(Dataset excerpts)
----
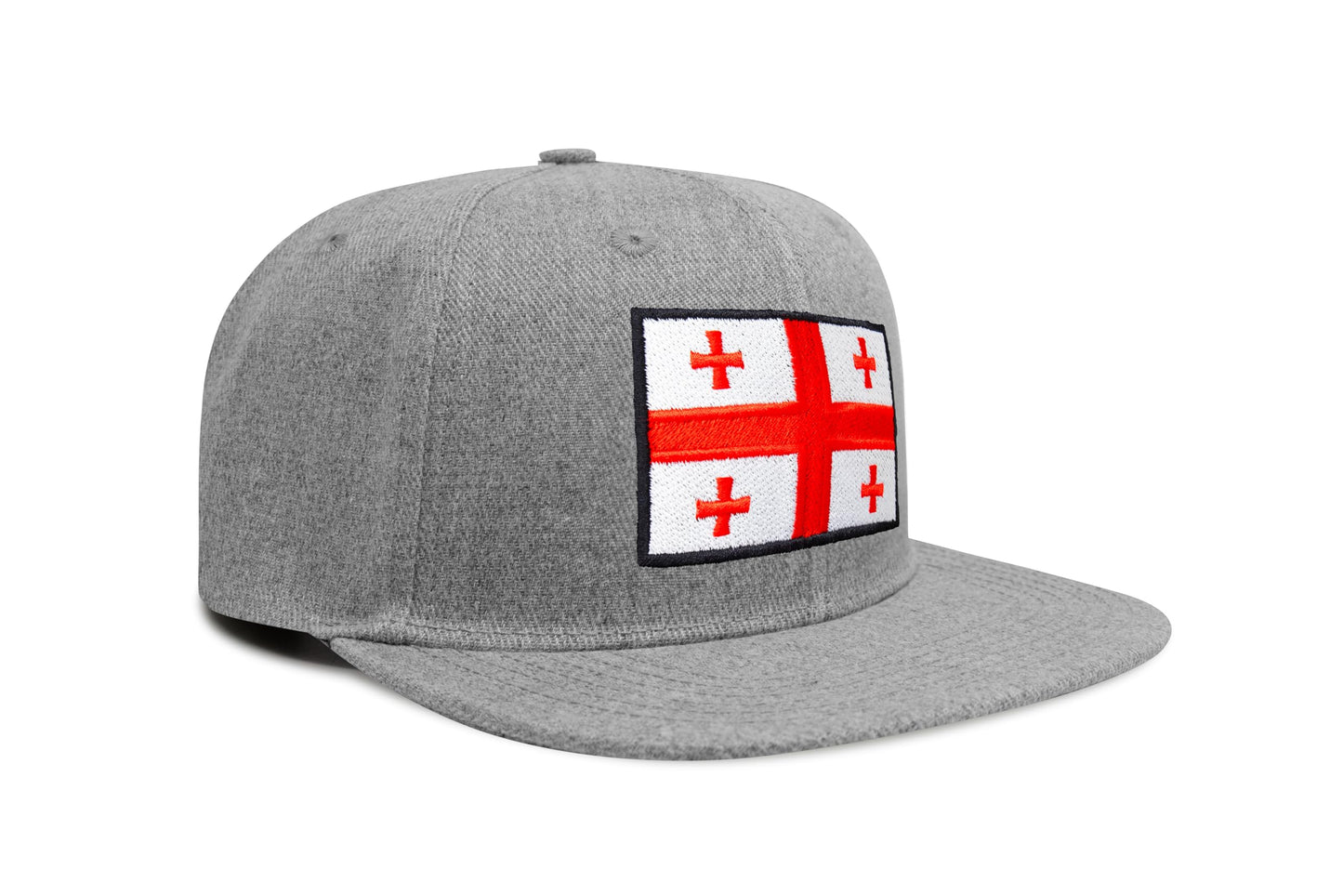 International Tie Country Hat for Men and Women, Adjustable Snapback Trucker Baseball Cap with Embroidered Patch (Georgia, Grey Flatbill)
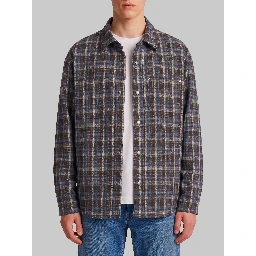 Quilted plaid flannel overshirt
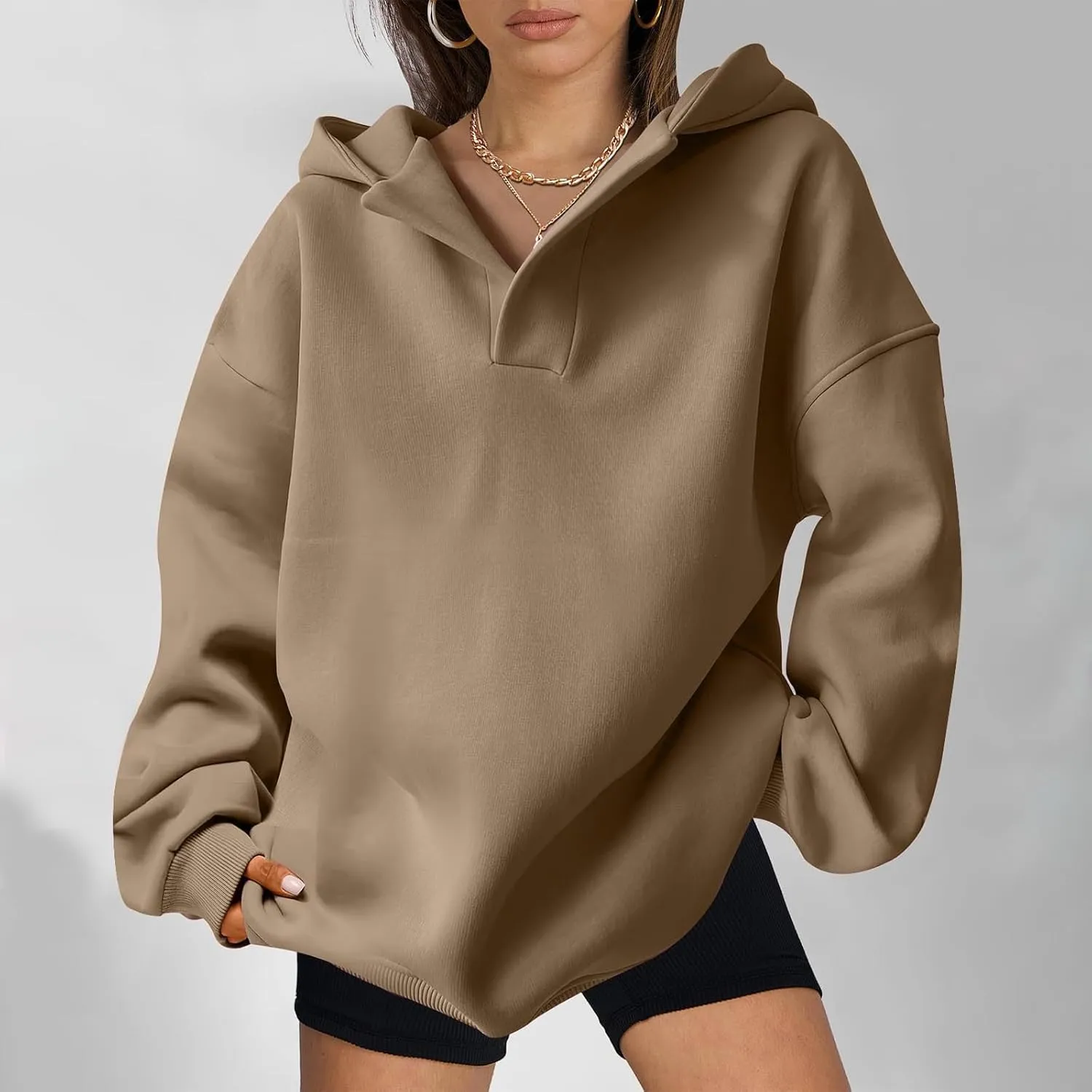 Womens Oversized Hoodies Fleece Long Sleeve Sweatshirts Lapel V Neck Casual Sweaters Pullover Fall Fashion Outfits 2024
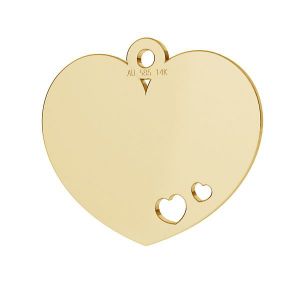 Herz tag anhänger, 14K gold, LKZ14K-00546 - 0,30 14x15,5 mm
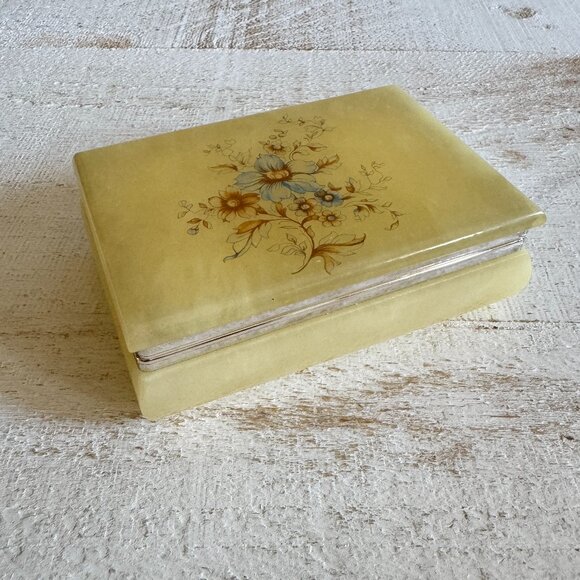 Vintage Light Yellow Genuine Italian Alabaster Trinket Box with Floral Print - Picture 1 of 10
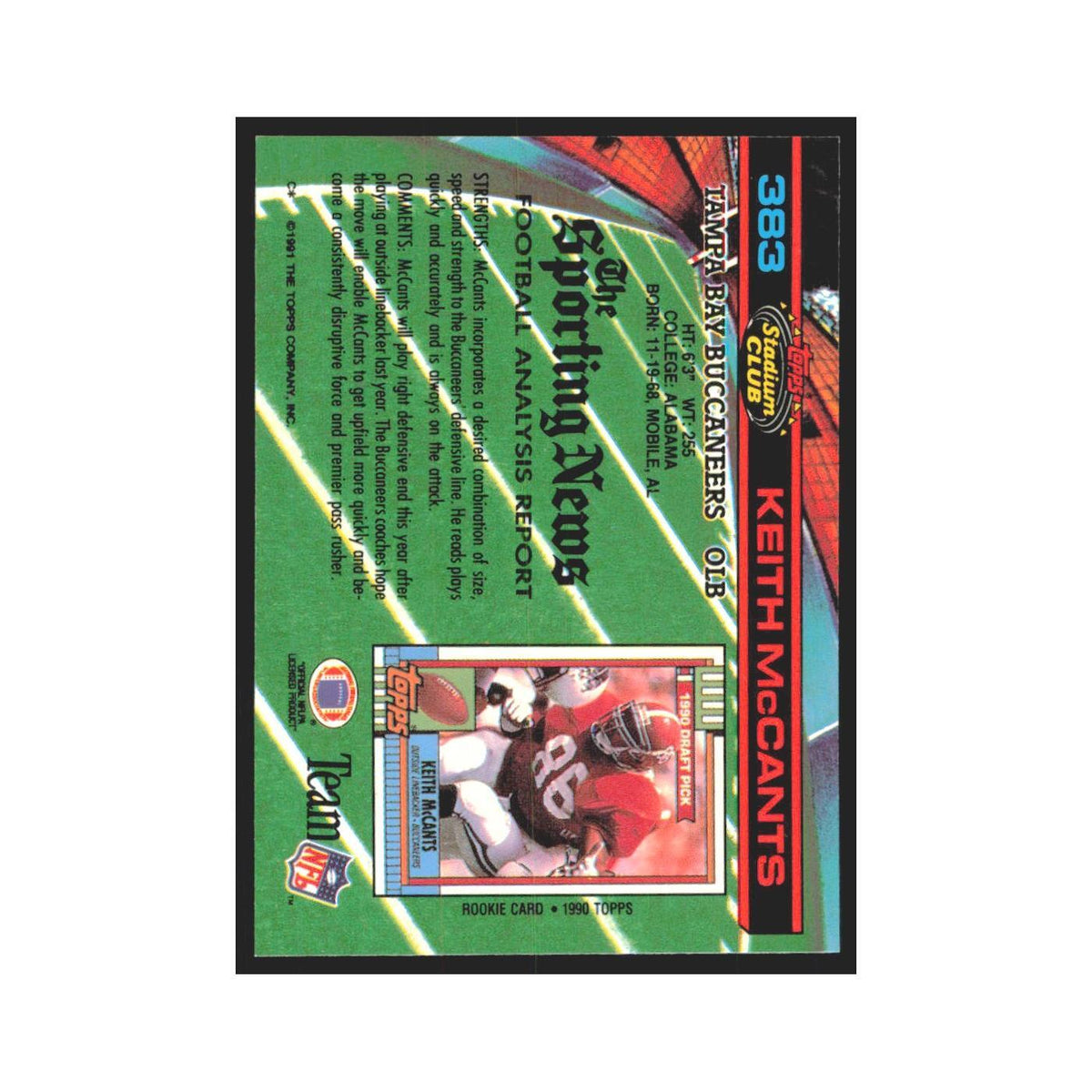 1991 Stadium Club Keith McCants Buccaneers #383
----
[EXERCISE DESCRIPTION] What you hand back should match the entries above exactly, except that no picture appears.

[RESULT OF THE TASK]
 International Tie Country Hat for Men and Women, Adjustable Snapback Trucker Baseball Cap with Embroidered Patch (Georgia, Grey Flatbill)
 Quilted plaid flannel overshirt
 Womens Oversized Hoodies Fleece Long Sleeve Sweatshirts Lapel V Neck Casual Sweaters Pullover Fall Fashion Outfits 2024
 Herz tag anhänger, 14K gold, LKZ14K-00546 - 0,30 14x15,5 mm
 Vintage Light Yellow Genuine Italian Alabaster Trinket Box with Floral Print - Picture 1 of 10
 1991 Stadium Club Keith McCants Buccaneers #383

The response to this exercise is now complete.